Narratives Prop Up Flawed Social Service Programs

February 21, 2012

“The nuclear secret of child welfare,” writes Professor Matthew Fraidin, “is that most children in foster care shouldn’t be there.” And being there harms most of them more than they’re helped by being taken away from their families.

Fraidin has argued in the past that we need to let some sunshine into the now-secretive proceedings that deliver children into the care of many child welfare agencies — the District’s Child and Family Services Administration included.

He still advocates for this, but he’s turned his attention to the narrative that gives rise to the inordinate number of foster care placements.

Or perhaps it’s actually two related narratives.

One is of “brutal, deviant, monstrous parents” whose children have to be rescued from imminent injury or even death. This narrative is “drummed into our heads” by the press, which likes the sensational cases.
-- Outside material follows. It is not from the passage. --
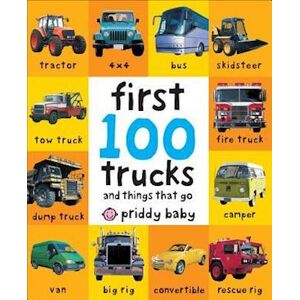 Roger Priddy First 100 Trucks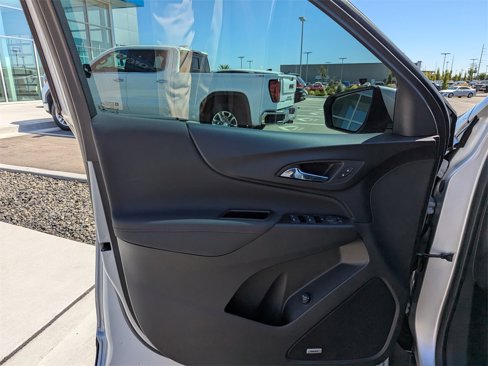 Certified 2022 Chevrolet Equinox RS w/ RS Leather Package image 10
Also, I see, by bloggers. Daniel Hiempel, for example, accuses us of allowing “certain children to be abused, even murdered” by ignoring the “empirically true” fact that “cases of abuse and neglect soar in poor neighborhoods.”

Note the class bias here.

The other narrative extends beyond parents who get ensnared in the child welfare system. It’s the propensity of legal service providers, among others, to view low-income clients as “the sum of their needs” — to focus on weaknesses and ignore strengths.

Start instead, Fraidin says, from the premise that clients are “bundles of assets.” Look at what they as individuals can do because then they’ll bust through the narrative and emerge as “complicated, three-dimensional, real” people.

Once we change the story in our heads, we can “change the conversation.” And, I gather, represent clients differently, since Fraidin links the internal narrative change to limiting foster care entries and speeding exits.

The “we” he exhorts are lawyers — and perhaps judges. The article I’m linking to began as a speech delivered at the University of Michigan’s law school.

He refers in passing, however, to anti-poverty programs in general. And surely his message has clear implications for caseworkers and the agencies they work for — nonprofits as well as government entities like CFSA.

David Henderson, who consults for nonprofit service providers, observes that they “too often base their interventions on a presumption of irrationality among the poor” — or he adds in a comment, “assumptions of general incompetence.”

Look, he says, at programs that force parenting classes on homeless people. We’ve got many other examples of this sort.

I’m reminded of a classic — if perhaps mythical — exchange between F. Scott Fitzgerald and Ernest Hemingway.

“The rich,” said Fitzgerald, echoing a theme from his Great Gatsby, “are different from you and me.” “Yes,” said Hemingway. “They have more money.”

Seems to me that we as a community could purge the narratives in our heads if we started from the premise that the poor are no different from us, except for having less money.

That would change how we advocate and what we advocate for.

UPDATE: Professor Fraidin has written a very thoughtful response to this post. As he explains, his opposition to secret child welfare proceedings and the prevalent narratives are two sides of the same coin. He also tells us some shocking things we’d learn if proceedings were open.